What does doing .backward twice do?

pinocchio · January 9, 2020, 8:55pm

I don’t want to accumulate (which is what happens when I call backwards multiple time in the same computation graph). I want to extract the gradients for params wrt to loss and use those gradients (call them dl_dw) for later computations of J and dJ_dw. The way I’m doing it is not right because I can’t even call backward on J because when I try to zero out the gradients before calling backward on J pytorch halts on me due to illegal in-place operations.

However, I noticed that pytorch doesn’t allow me to do because it warns me about (not really (illegal)) in-place operations in my case. Is there a way to extract intermediate gradients without pytorch halting without my permission?

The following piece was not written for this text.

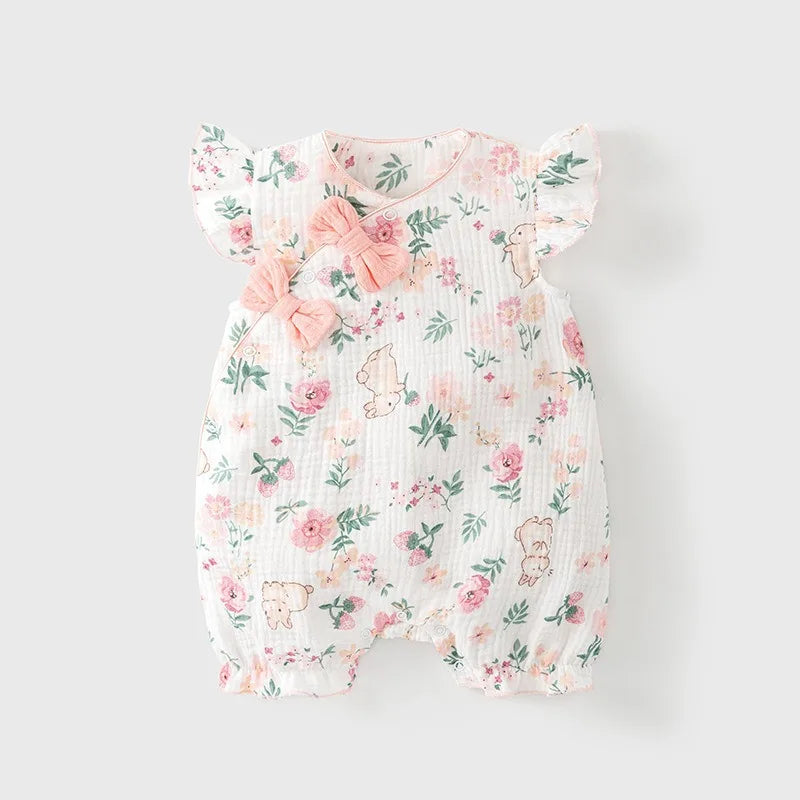 "My Little Flower" Pink Babies Romper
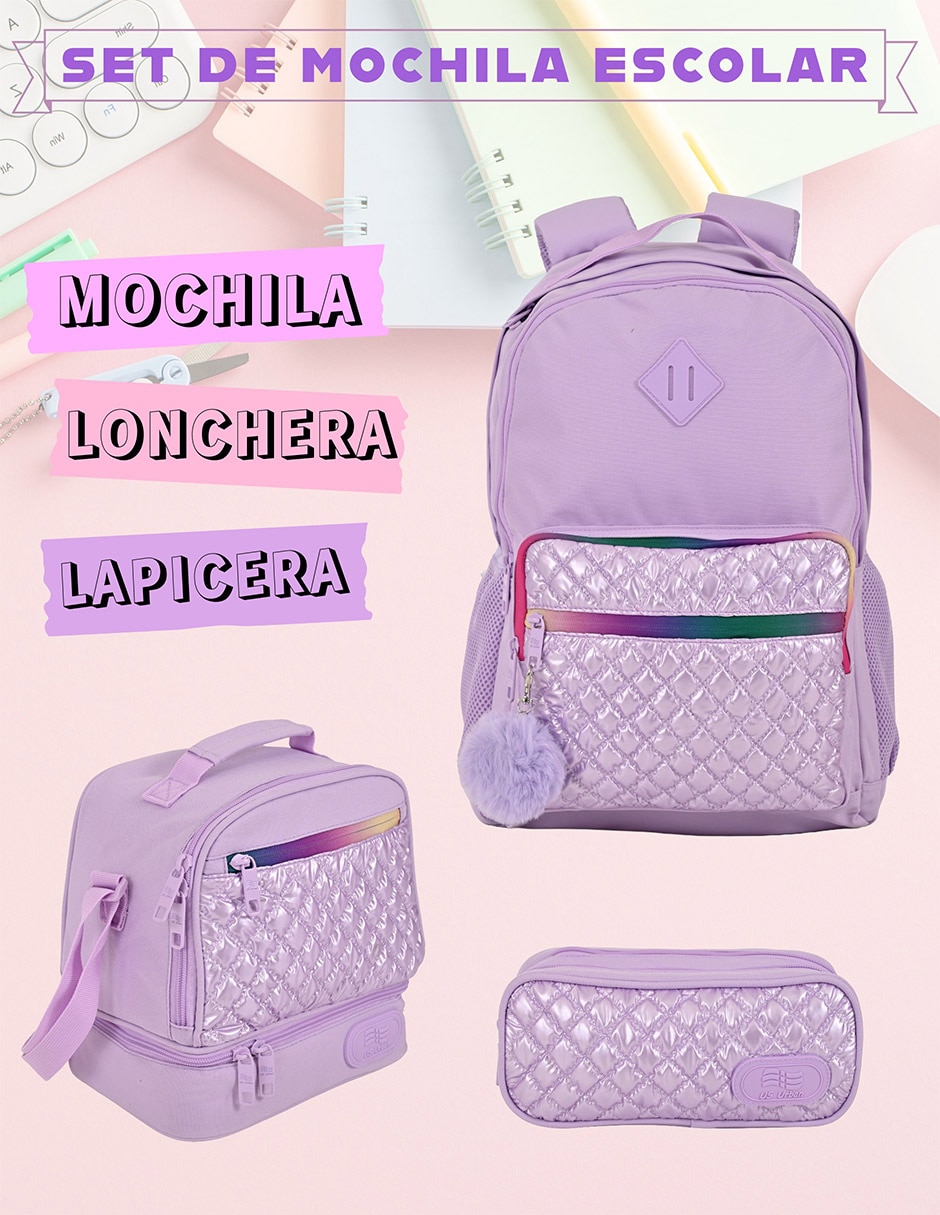 Set mochila escolar lisa para niña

In case you need it, see new example code I cooked up for this

import torch
from torchviz import make_dot

x = torch.ones(10, requires_grad=True)
weights = {'x':x}

y = x**2
z = x**3

l = (x-2).sum()
l.backward()
g_x = x.grad

#g_x.requires_grad = True ## Adds it to the computation graph!
print(f'g_x = x.grad = {x.grad}\n')

x.zero_()

#weights['g_x'] = g_x
#print(f'weights = {weights}\n')

J = (y + z + g_x).sum()
J.backward()
print(f'g_x = x.grad = {x.grad}\n')

make_dot(J,params=weights)

Error:

---------------------------------------------------------------------------
RuntimeError                              Traceback (most recent call last)
<ipython-input-27-c4086df8154e> in <module>
     20 print(f'g_x = x.grad = {x.grad}\n')
     21 
---> 22 x.zero_()
     23 
     24 #weights['g_x'] = g_x

RuntimeError: a leaf Variable that requires grad has been used in an in-place operation.